Plus, too, it seems that Vice President Harris won’t be attending Mr. Netanyahu’s speech to Congress. She’ll be on the campaign trail. In this she follows the vice president at the time, Joseph Biden, who failed to attend Mr. Netanyahu’s speech to Congress in 2015. In the speech, Mr. Netanyahu offered a warning against appeasing Iran. Senator Kaine didn’t attend either. He went on to be Secretary Clinton’s running mate. He’s skipping this iteration, too.

What the American public can take from this is increasingly clear - that today’s Democratic Party is growing uncomfortable welcoming a wartime leader of the Jewish state. Of our two major parties, the Democrats have become the less committed to a defense of Israel, withholding ammunition and seeking to micromanage its conduct of the war. It is more committed to nursing its left flank, where the “Squad” and others are rooting for Hamas.

Where does Ms. Harris stand? The Journal reports that she seeks a quick end to the fighting - by definition a victory for Hamas and Iran. Her expression of sympathy with anti-Israel protesters on college campuses, expressed the other day to the Nation magazine, indicates a jangled moral compass. More heartening is the warning by Speaker Johnson that those who disrupt Mr. Netanyahu’s speech will be thrown in the Capitol clink.
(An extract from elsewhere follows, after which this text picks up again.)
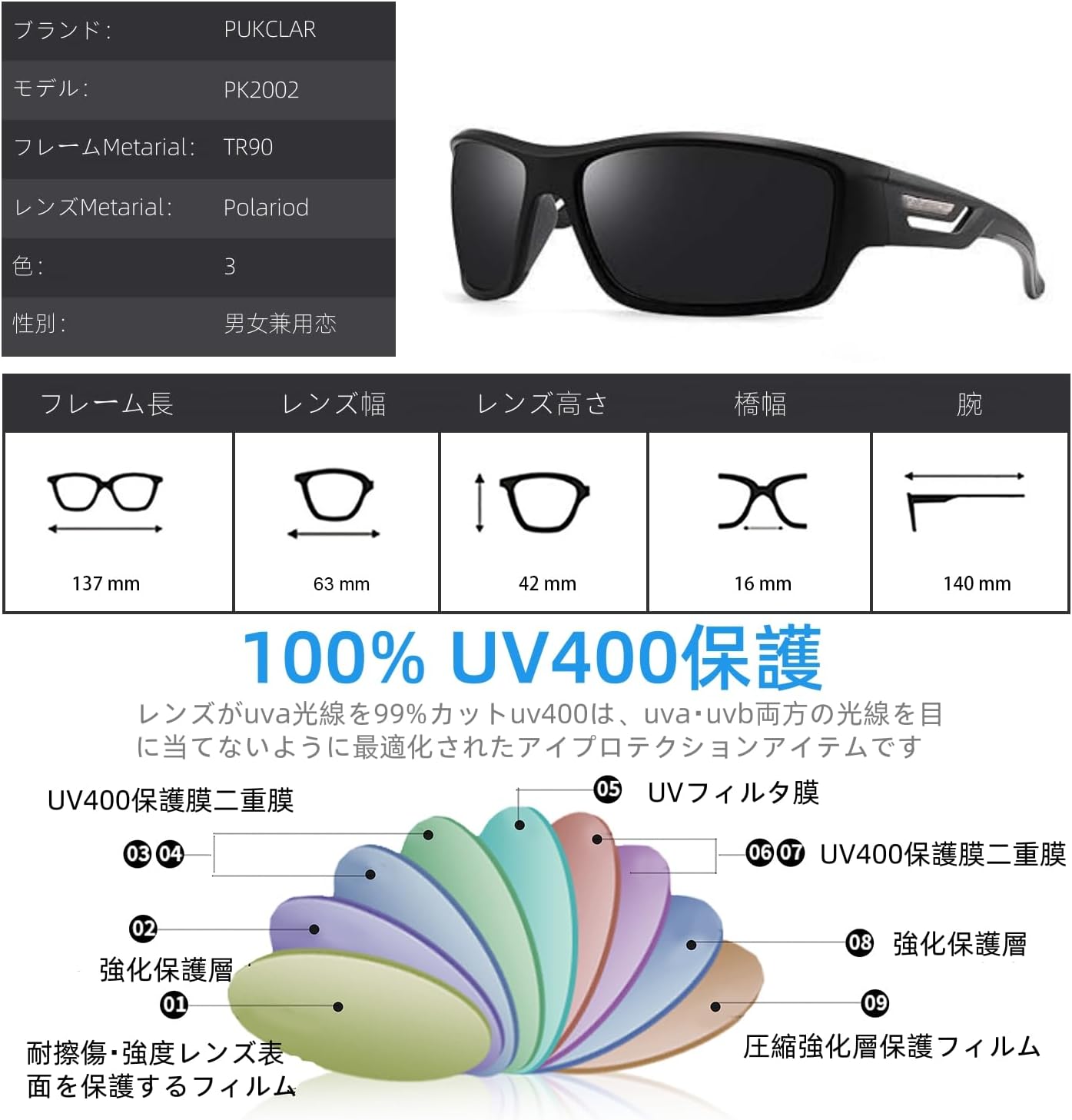 PUKCLAR Sports Polarized Sunglasses for Men Women Driving Sunglasses Cycling Running Fishing Goggles Unbreakable Frame - Image 3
Our own hope is that all this will give Mr. Netanyahu a sense of liberation as he enters the House chamber Wednesday. It will be the fourth time he’s done so. He’s the only foreign leader to have spoken to a joint meeting that many times. Winston Churchill spoke to Congress three times. The third time, Churchill dilated on, among other things, his early backing of the Zionist idea. Mr. Netanyahu’s speeches sketched themes that are likely to be reprised.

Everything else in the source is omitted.